■ Task to complete
Leaving the pictures aside, reproduce the data in full and word for word.

■ Dataset section
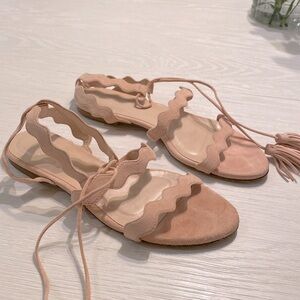Club Monaco pink suede sandals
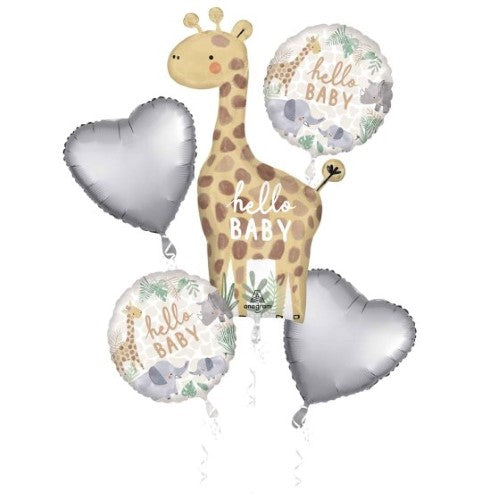 Set of 5 self-sealing foil balloons featuring jungle baby theme with 1 shaped and 4 standard 45cm balloons.
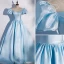 Élégant Bleu Ciel Satin Robe De Bal 2022 Robe Boule Encolure Dégagée Perlage Noeud Gonflée Manches Courtes Dos Nu Longue Robe De Ceremonie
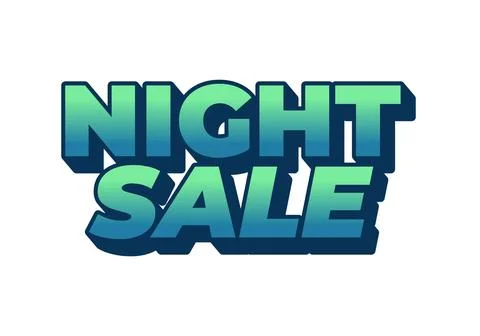 Night sale. Text effect design in 3D look with eye catching colors Stock Illustration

■ Solution
Club Monaco pink suede sandals
 Set of 5 self-sealing foil balloons featuring jungle baby theme with 1 shaped and 4 standard 45cm balloons.
 Élégant Bleu Ciel Satin Robe De Bal 2022 Robe Boule Encolure Dégagée Perlage Noeud Gonflée Manches Courtes Dos Nu Longue Robe De Ceremonie
 Night sale. Text effect design in 3D look with eye catching colors Stock Illustration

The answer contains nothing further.